Si, lo de este imbécil nos sacudió a todos, nos despeinó nuestro sueñito de seguridad, de amparo y de tranquilidad dentro de una sala de cine. Basta ver las declaraciones de Christopher Nolan solamente, para poder mensurar lo que se nos ha arrebatado con este episodio tan repudiable y sangriento.  Se violó un espacio sagrado que, para muchos, representa la misma paz, el mismo goce, la misma introspección, el mismo refugio que un templo. Y eso es imperdonable, porque cuando uno está frente a una pantalla de cine, se sume en un estado de inocencia tal, que redunda en la más absoluta de las indefensiones. Estamos con los muros abajo, volvemos a ser seres capaces de maravillarnos, de sorprendernos, de creer lo que se nos cuenta con ingenuidad devota. Relajamos nuestra frente, perdemos nuestros prejuicios, nos dejamos entibiar por la butaca y casi no recordamos que hay una vida a la que salir, después de que termine la película. Es como volver a la niñez. De alguna manera, ser asesinado en un cine, con la guardia tan baja, es como ser asesinado en la infancia. Es por eso que lo que sucedió es tan inexplicable y absurdo, como execrable y difícil de creer.
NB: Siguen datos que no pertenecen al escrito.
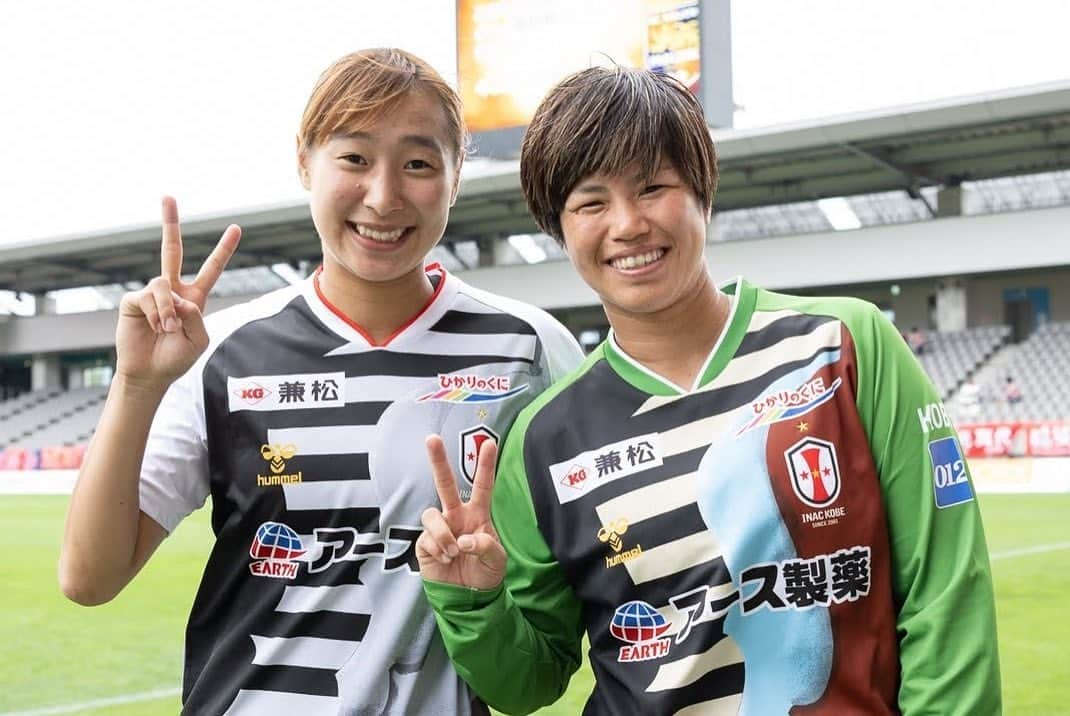 武仲麗依さんのインスタグラム写真 - (武仲麗依Instagram)「2023.06.10 今シーズン最終戦⚽️ 現役ラストマッチ🏟️⚽️  なでしこリーグWEリーグと合わせて13年。 長かったような短かったような🙄 試合に出れない時期の方が多かったけど それでもたくさん得たものはありました。 良くも悪くも自分に返ってくると思って 今まで行動してやってきましたが 本当に沢山の方に恵まれて ここまでやってこれました!! 本当に周りの人に恵まれていると思います☺️ 関わって下さった皆さんに 本当に感謝しています🙇‍♀️ 今日も長野と言う遠い地まで 応援に来て頂き ありがとうございました!! 現地のサポーターの方々にも お疲れ様ですって沢山言って頂き 気持ち良かったです。 ユニフォームを着て ピッチに立つのが最後と思うと 寂しいはずなんですけど まだ実感がないのか いつも通りの試合後の感じです。笑 なんならシーズンオフに入って またやるんじゃないかと思うぐらい😂 その時期ぐらいにやっと実感する気がします。笑  これぐらいのテンションが 自分らしくていいのかなーと。笑  自分に本当にお疲れ様でした!! と、ゆっくり休んでください!! って言ってあげたいと思います。笑  まずは現役生活も終わったので とりあえず遊びまくります!! (太らない程度に… ちょこざっぷにも入会しました😂) なのでお友達の皆さん お誘い待ってます🥰笑  皆さん本当に今まで沢山の応援 ありがとうございました。」6月10日 22時19分 - tknkrei18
El primer miedo que tuve cuando escuchamos la noticia (egoísta y estúpida de mí) fue que se suspendiera el estreno. Nada más difícil que ponerse en el lugar de los muertos. Siempre es más sencillo desviarse por el camino del capricho, de la puteada vacía y de las distracciones que permite el hecho de estar lejos del dolor verdadero. Pero, después, con la cabeza y el corazón más despiertos, no pude más que imaginarme lo horroroso de todo aquello y quedé inconsolable. Cuantos sacrilegios fueron cometidos ese día. Cuanta mierda fue desparramada. Cuanto espanto. Nuestro refugio en el mundo, mancillado con sangre.
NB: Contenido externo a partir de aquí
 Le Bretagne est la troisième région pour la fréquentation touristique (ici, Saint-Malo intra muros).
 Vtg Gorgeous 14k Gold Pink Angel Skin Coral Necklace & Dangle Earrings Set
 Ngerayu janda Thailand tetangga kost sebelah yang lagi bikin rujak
No podía escribir esta columna acerca de ninguna otra cosa, por más que este espacio sea generalmente ocupado por el humor y la alegría de hablar de cine en lenguaje corriente. Lo que ha sucedido nos deja desnudos y pone en peligro una de las fuentes más valiosas de educación, reflexión, esparcimiento y sublimación que tenemos como seres humanos, por lo menos en occidente. Entrar con miedo a una sala de cine, es sinónimo de no entrar. Defendámonos, no dejemos que eso ocurra nunca más. No permitamos que ese lugar maravilloso en el que recuperamos nuestra inocencia, en el que nos sentimos fuertes y nos abrimos a todas las posibilidades de la vida, sea ultrajado nuevamente con el horror y el asesinato.
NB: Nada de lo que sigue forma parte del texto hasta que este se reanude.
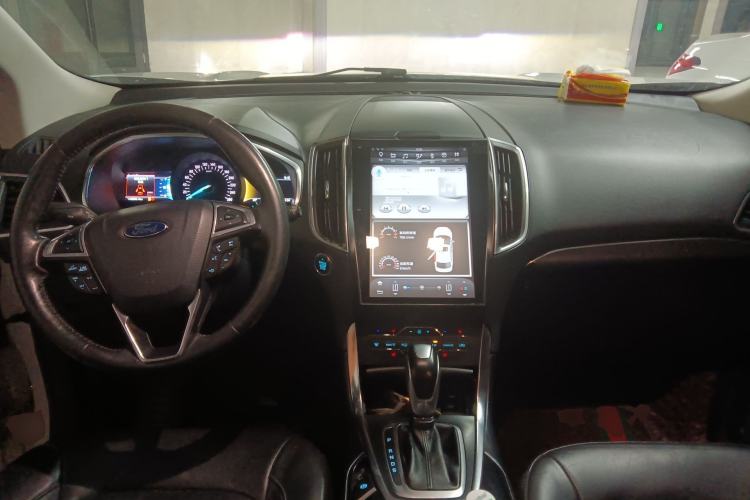 Used Ford Edge 2017 EcoBoost 245 Two-Wheel-Drive Sporty 7-Seater Center Console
En algún momento tuve dudas acerca de ir a la función del jueves, me entró pánico. Empecé a dar vueltas, a elucubrar teorías y a sentirme terriblemente en peligro. Pero me di cuenta que la única batalla que nos queda por librar para recuperar este domo sagrado que es la sala de cine, es en contra del miedo. Alguien me dijo que Batman: El Caballero de la Noche Asciende, es la película de la década, que es tan emocionante que deja la belleza marcada en la piel.  Y yo no me la quiero perder, aunque haga la cola con el corazón en la garganta.